Маша, это очень странное ощущение. Вот теперь, когда мне восемьдесят семь лет, я пытаюсь обдумать и не понимаю, почему все мое поколение жило в ожидании войны. Причем не только ленинградцы, которые уже пережили настоящую финскую войну — с затемнением, без хлеба. В десятом классе мы сидели за партами в валенках, в зимних пальто и писали — руки в варежках были.
Ленинградкой я стала, когда папу арестовали, и мама, заранее боясь для нас детдомовской судьбы, отправила нас к бабушке в Ленинград. Это был август 1937-го — мой восьмой класс. Почти в первые же дни я увидела на Исаакиевской площади — а бабушка жила на улице Гоголя, в двух шагах от Исаакиевской площади — вывеску на стене дома: «Институт истории искусств, Дом литературного воспитания школьников». И потопала туда. И оказалась в маршаковской группе2. И я должна сказать: то, что я была дочерью «врагов народа», не играло отрицательной роли в моей судьбе. Более того, у меня такое ощущение, что этот довольно снобистский ребячий литературный кружок принял меня очень хорошо именно поэтому. В этом кружке была Наташа Мандельштам, племянница Мандельштама, был Лева Друскин3, инвалид, перенесший в детстве паралич. Наши мальчики на все собрания, на выходы в театры носили его на руках. Из этой же когорты вышел и известный в свое время Юра Капралов4. Многие погибли. Погиб тот, кто был первой любовью Наташи Мандельштам (забыла его имя), погиб Алеша Бутенко.

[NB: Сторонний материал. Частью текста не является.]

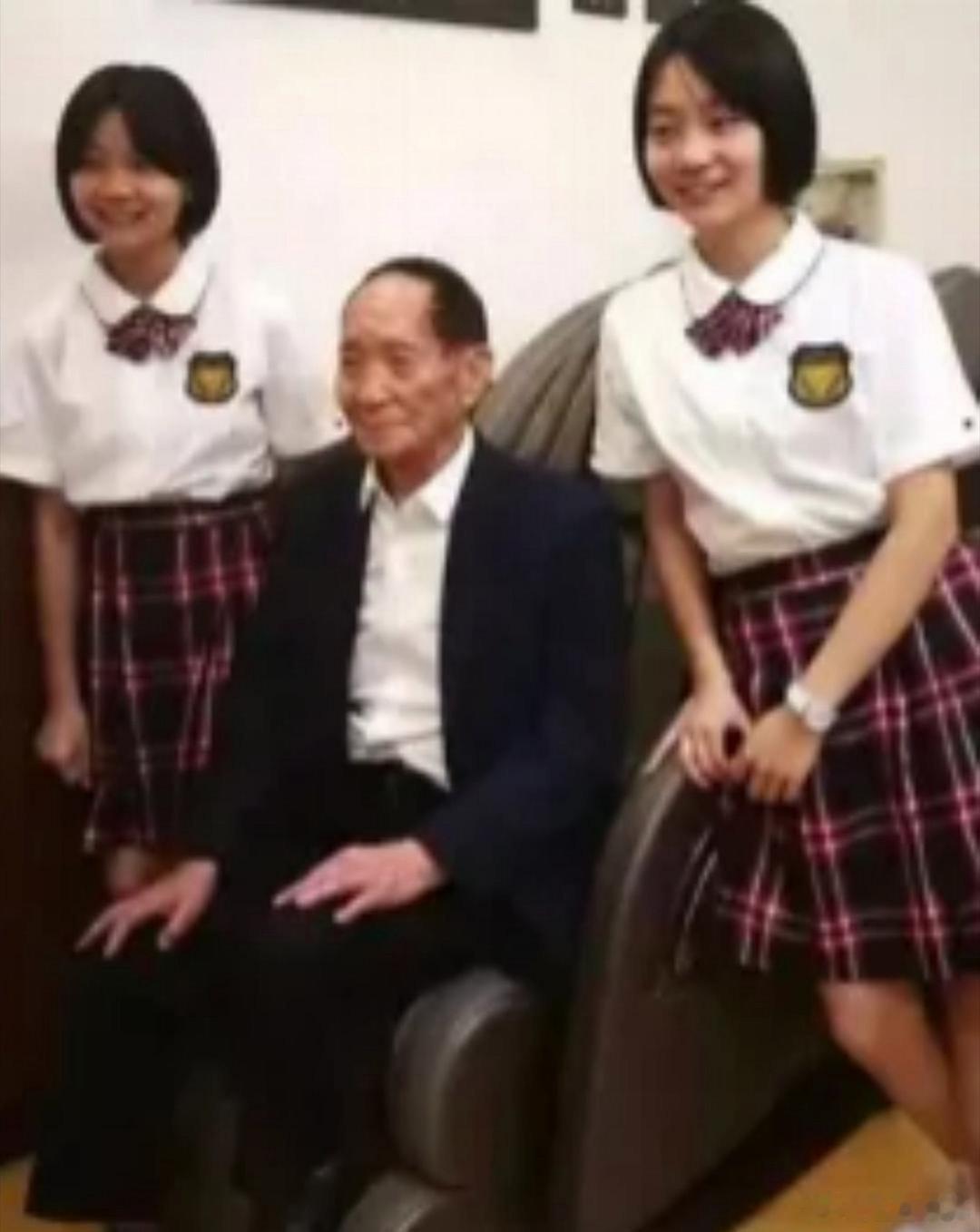袁隆平的两个孙女，小名特别有趣，一个叫大米，另一个叫小米。孙女在幼儿园的时候，老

Все мальчики писали стихи, девочки — в основном прозу. Я ничего не писала, но это неважно было. А вообще все было очень серьезно, два раза в неделю — лекция и занятия. Помимо этого мы собирались, как всякая подростковая шайка, сами по себе. В основном собирались у Наташи Мандельштам, потому что у нее была отдельная комната. Очень маленькая такая, узкая, пеналом, кровать, стол, но набивались туда, как могли. И чем занимались? Читали стихи.
Вы описываете людей, чутких к происходящему вокруг и привыкших выражать словами то, что они чувствуют. В чем для вас выражалось ожидание войны?
Маша, самое смешное, мне кажется, что с 1937 года, а может, и раньше, я знала, что мне предстоит большая война. Вот я тебе скажу, наши мальчики писали, я тебе процитирую немножко стихов. Стихи, предположим, 1938 года:
«Вот придет война большая,
Заберемся мы в подвал.
Тишину с душой мешая,
Ляжем на пол наповал», —
пишет один из наших мальчиков.
Другой вроде бы круг, но в общем те же люди, чуть постарше. Мы — школьники, они — студенты5.
Пишет Кульчицкий:
«И коммунизм опять так близок,
Как в девятнадцатом году».
А Коган6 вообще ужасное пишет:
«Но мы еще дойдем до Ганга,
Но мы еще умрем в боях,
Чтоб от Японии до Англии
Сияла Родина моя».
То есть это не только в Ленинграде, но и в Москве. Это интеллигентская среда. Я не знаю настроений деревни, а Россия на 90 % была деревенской. Но вот у нас это чувство, глубокое ощущение, что нам это предстоит, было у всех.